◆ Prompt
The full set of entries must be copied exactly.
(The input Opens)
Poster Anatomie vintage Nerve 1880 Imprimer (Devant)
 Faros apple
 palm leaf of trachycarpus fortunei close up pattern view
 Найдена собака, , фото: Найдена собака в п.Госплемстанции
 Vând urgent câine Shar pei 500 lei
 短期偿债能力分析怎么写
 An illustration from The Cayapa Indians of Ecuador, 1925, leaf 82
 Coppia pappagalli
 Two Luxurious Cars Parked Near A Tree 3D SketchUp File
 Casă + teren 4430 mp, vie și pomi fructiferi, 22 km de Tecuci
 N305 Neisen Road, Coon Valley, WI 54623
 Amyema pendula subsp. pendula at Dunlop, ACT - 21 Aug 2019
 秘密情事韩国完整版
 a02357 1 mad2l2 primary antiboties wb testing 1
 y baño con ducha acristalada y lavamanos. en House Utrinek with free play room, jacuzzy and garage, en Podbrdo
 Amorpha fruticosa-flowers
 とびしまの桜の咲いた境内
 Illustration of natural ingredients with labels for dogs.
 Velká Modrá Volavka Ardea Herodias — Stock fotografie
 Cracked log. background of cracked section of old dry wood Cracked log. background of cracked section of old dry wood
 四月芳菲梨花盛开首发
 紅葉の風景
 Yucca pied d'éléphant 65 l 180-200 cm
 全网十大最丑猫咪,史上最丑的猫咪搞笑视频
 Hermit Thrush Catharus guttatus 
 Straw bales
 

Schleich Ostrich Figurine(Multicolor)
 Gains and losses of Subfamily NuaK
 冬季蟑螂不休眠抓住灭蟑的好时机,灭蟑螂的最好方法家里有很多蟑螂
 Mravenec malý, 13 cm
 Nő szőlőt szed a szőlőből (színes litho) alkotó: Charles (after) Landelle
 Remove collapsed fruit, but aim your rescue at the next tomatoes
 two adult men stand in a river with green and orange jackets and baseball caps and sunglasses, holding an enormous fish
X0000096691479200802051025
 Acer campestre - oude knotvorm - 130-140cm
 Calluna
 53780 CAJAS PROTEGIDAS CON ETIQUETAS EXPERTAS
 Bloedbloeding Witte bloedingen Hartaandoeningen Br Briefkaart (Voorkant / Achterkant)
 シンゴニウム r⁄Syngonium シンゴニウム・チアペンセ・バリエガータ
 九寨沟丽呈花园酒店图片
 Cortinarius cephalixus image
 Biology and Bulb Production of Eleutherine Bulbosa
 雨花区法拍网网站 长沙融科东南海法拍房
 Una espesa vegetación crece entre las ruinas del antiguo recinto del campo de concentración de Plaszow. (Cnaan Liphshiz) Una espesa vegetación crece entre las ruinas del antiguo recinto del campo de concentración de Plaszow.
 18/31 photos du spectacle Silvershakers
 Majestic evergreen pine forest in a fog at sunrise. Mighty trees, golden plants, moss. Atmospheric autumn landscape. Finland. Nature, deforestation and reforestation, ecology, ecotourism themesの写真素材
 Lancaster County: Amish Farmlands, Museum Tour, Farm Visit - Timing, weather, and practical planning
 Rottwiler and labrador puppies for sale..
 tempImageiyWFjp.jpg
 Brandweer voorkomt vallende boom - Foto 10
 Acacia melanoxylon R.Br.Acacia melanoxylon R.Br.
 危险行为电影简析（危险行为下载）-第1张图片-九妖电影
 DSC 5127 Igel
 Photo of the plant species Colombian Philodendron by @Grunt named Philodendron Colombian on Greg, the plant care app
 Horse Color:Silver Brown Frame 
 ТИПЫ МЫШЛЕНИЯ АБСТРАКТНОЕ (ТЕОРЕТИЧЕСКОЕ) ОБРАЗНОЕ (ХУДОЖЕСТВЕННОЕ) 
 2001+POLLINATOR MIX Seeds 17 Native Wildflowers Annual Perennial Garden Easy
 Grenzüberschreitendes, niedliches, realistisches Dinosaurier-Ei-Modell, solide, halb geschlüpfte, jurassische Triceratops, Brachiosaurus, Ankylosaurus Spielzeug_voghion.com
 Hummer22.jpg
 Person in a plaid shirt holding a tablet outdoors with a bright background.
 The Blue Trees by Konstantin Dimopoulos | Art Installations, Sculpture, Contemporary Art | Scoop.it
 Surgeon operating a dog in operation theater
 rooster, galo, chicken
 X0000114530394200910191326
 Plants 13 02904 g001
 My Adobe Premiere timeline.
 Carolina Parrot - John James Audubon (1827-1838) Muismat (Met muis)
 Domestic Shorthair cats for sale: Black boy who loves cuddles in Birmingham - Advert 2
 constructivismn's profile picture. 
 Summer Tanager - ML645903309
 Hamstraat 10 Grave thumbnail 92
(The input Closes)
◆ Response
Poster Anatomie vintage Nerve 1880 Imprimer (Devant)
 Faros apple
 palm leaf of trachycarpus fortunei close up pattern view
 Найдена собака, , фото: Найдена собака в п.Госплемстанции
 Vând urgent câine Shar pei 500 lei
 短期偿债能力分析怎么写
 An illustration from The Cayapa Indians of Ecuador, 1925, leaf 82
 Coppia pappagalli
 Two Luxurious Cars Parked Near A Tree 3D SketchUp File
 Casă + teren 4430 mp, vie și pomi fructiferi, 22 km de Tecuci
 N305 Neisen Road, Coon Valley, WI 54623
 Amyema pendula subsp. pendula at Dunlop, ACT - 21 Aug 2019
 秘密情事韩国完整版
 a02357 1 mad2l2 primary antiboties wb testing 1
 y baño con ducha acristalada y lavamanos. en House Utrinek with free play room, jacuzzy and garage, en Podbrdo
 Amorpha fruticosa-flowers
 とびしまの桜の咲いた境内
 Illustration of natural ingredients with labels for dogs.
 Velká Modrá Volavka Ardea Herodias — Stock fotografie
 Cracked log. background of cracked section of old dry wood Cracked log. background of cracked section of old dry wood
 四月芳菲梨花盛开首发
 紅葉の風景
 Yucca pied d'éléphant 65 l 180-200 cm
 全网十大最丑猫咪,史上最丑的猫咪搞笑视频
 Hermit Thrush Catharus guttatus 
 Straw bales
 

Schleich Ostrich Figurine(Multicolor)
 Gains and losses of Subfamily NuaK
 冬季蟑螂不休眠抓住灭蟑的好时机,灭蟑螂的最好方法家里有很多蟑螂
 Mravenec malý, 13 cm
 Nő szőlőt szed a szőlőből (színes litho) alkotó: Charles (after) Landelle
 Remove collapsed fruit, but aim your rescue at the next tomatoes
 two adult men stand in a river with green and orange jackets and baseball caps and sunglasses, holding an enormous fish
X0000096691479200802051025
 Acer campestre - oude knotvorm - 130-140cm
 Calluna
 53780 CAJAS PROTEGIDAS CON ETIQUETAS EXPERTAS
 Bloedbloeding Witte bloedingen Hartaandoeningen Br Briefkaart (Voorkant / Achterkant)
 シンゴニウム r⁄Syngonium シンゴニウム・チアペンセ・バリエガータ
 九寨沟丽呈花园酒店图片
 Cortinarius cephalixus image
 Biology and Bulb Production of Eleutherine Bulbosa
 雨花区法拍网网站 长沙融科东南海法拍房
 Una espesa vegetación crece entre las ruinas del antiguo recinto del campo de concentración de Plaszow. (Cnaan Liphshiz) Una espesa vegetación crece entre las ruinas del antiguo recinto del campo de concentración de Plaszow.
 18/31 photos du spectacle Silvershakers
 Majestic evergreen pine forest in a fog at sunrise. Mighty trees, golden plants, moss. Atmospheric autumn landscape. Finland. Nature, deforestation and reforestation, ecology, ecotourism themesの写真素材
 Lancaster County: Amish Farmlands, Museum Tour, Farm Visit - Timing, weather, and practical planning
 Rottwiler and labrador puppies for sale..
 tempImageiyWFjp.jpg
 Brandweer voorkomt vallende boom - Foto 10
 Acacia melanoxylon R.Br.Acacia melanoxylon R.Br.
 危险行为电影简析（危险行为下载）-第1张图片-九妖电影
 DSC 5127 Igel
 Photo of the plant species Colombian Philodendron by @Grunt named Philodendron Colombian on Greg, the plant care app
 Horse Color:Silver Brown Frame 
 ТИПЫ МЫШЛЕНИЯ АБСТРАКТНОЕ (ТЕОРЕТИЧЕСКОЕ) ОБРАЗНОЕ (ХУДОЖЕСТВЕННОЕ) 
 2001+POLLINATOR MIX Seeds 17 Native Wildflowers Annual Perennial Garden Easy
 Grenzüberschreitendes, niedliches, realistisches Dinosaurier-Ei-Modell, solide, halb geschlüpfte, jurassische Triceratops, Brachiosaurus, Ankylosaurus Spielzeug_voghion.com
 Hummer22.jpg
 Person in a plaid shirt holding a tablet outdoors with a bright background.
 The Blue Trees by Konstantin Dimopoulos | Art Installations, Sculpture, Contemporary Art | Scoop.it
 Surgeon operating a dog in operation theater
 rooster, galo, chicken
 X0000114530394200910191326
 Plants 13 02904 g001
 My Adobe Premiere timeline.
 Carolina Parrot - John James Audubon (1827-1838) Muismat (Met muis)
 Domestic Shorthair cats for sale: Black boy who loves cuddles in Birmingham - Advert 2
 constructivismn's profile picture. 
 Summer Tanager - ML645903309
 Hamstraat 10 Grave thumbnail 92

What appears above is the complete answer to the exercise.